With 278 individual movies watched this year, it also means I had 278 directors (or director teams) this year. But what does that say?! Rather, 307 people directed a movie I saw this year (including multiples). But the msot salient stat is that 199 individuals directed movies I saw this year. (Though it’s well-documented that David Leitch co-directed the first John Wick with Chad Stahelski, so maybe I can consider it an even 200 if I factor in that one example and no others.)
As a kind of check against myself, I also like to keep track of how many of the directors aren’t just straight white men. I’ll also highlight every director that isn’t just a straight white dude below.
29 directors whose work I saw this year were women. Technically, I would also track any nonbinary or third gender directors here, but I didn’t see any movies from they/them this year. That makes it 15%, which is an improvement from last year, but still a bit miserable. These lovely ladies were:
Adele Lim ⋅ Alice Rohrwacher ⋅ Amanda Fordis ⋅ Cathy Yan ⋅ Celine Song
Elizabeth Banks ⋅ Elisabeth Chai Vasarhelyi ⋅ Emerald Fennell ⋅ Emma Seligman
Evgenia Arbugaeva ⋅ Greta Gerwig ⋅ Halina Reijn ⋅ Jamie Babbitt ⋅ Justine Triet
Kelly Fremon Craig ⋅ Kelly Reichardt ⋅ Lana Wachowski ⋅ Lily Wachowski
Maggie Betts ⋅ Molly Gordon ⋅ Nia DeCosta ⋅ Nicole Holofcener ⋅ Nida Manzoor
Patty Jenkins ⋅ Sara Gunnarsdottir ⋅ Sarah Polley ⋅ Sofia Coppola ⋅ Wendy Tilby
32 directors whose work I saw this year were people of color. That’s also an improvement from last year at 16%! There’s not really a joke here except that I assume they don’t drive up close to the steering wheel like in that Simpsons bit.
Adele Lim ⋅ Blitz Bazawule ⋅ Cathy Yan ⋅ Celine Song ⋅ Cord Jefferson
Daniel Kwan ⋅ Elisabeth Chai Vasarhelyi ⋅ F. Gary Gray ⋅ George C. Wolfe
Hayao Miyazaki ⋅ Hideaki Anno ⋅ Ichiro Honda ⋅ James Wan ⋅ Jimmy Chin
Joaquin Dos Santos ⋅ John Woo ⋅ Jordan Peele ⋅ Kemp Powers ⋅ Kenya Barris
M. Night Shyamalan ⋅ Maggie Betts ⋅ Nia DeCosta ⋅ Nida Mazoor
Park Chan-Wook ⋅ Peter Sohn ⋅ Sam Esmail ⋅ Shinji Higuchi ⋅ Stephen Caple, Jr.
Taika Waititi ⋅ Takashi Yamazaki
Lastly, these 9 directors (5%) absolutely SLAYED the house down boots, Mawma. Okurrrrrrr! As members of the Queer Community, these directors taught us what it means to serve cunt and be Mother. Shantay you stay!

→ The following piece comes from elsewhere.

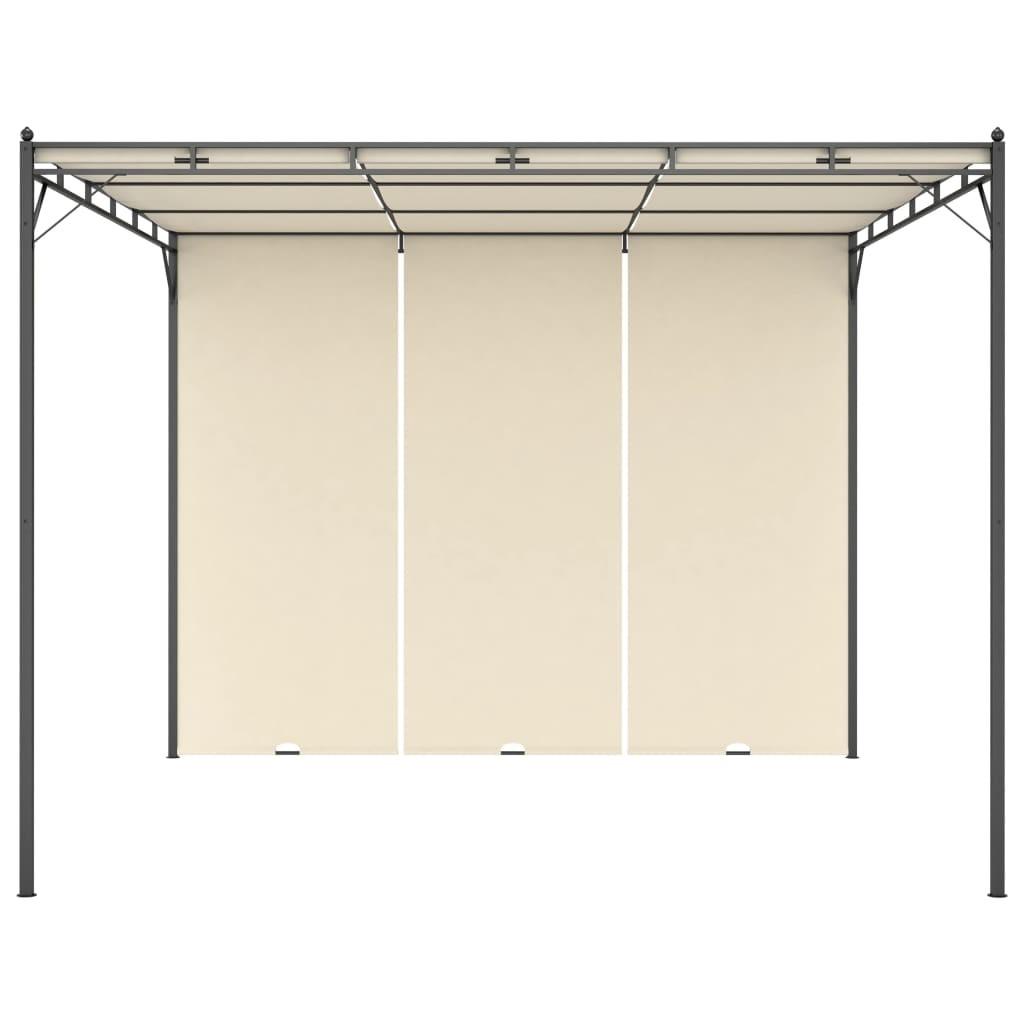 Havepavillon med gardin 3x3x2,25m cremefarvet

Andrew Haigh ⋅ Bill Condon ⋅ Emma Seligman ⋅ Halina Reijn ⋅ Jamie Babbit
Lana Wachowski ⋅ Lily Wachowski ⋅ Todd Haynes
This year, I also had a lot of fun rewatching and catching up on movies from specific directors. For some, it was because they had new movies coming out this year (how do Interstellar and The Dark Knight relate to Oppenheimer?), others directed every movie in a series I watched (shoutout to Francis Lawrnece for truly getting the Hunger Games universe [and for directing Constantine]), while others were covered by the podcast Blank Check (when Griffin & David say “Jump!”, I say “How high?”).
The director I watched the most was David Fincher, which is very unique for a white man in his 20s who likes movies. Da Finchman was covered by Blank Check in the late fall, and he earned the distinction of being the first director I watched every movie from in one calendar year. (I also watched all three Greta Gerwig movies this year, but Fincher has a dozen movies!)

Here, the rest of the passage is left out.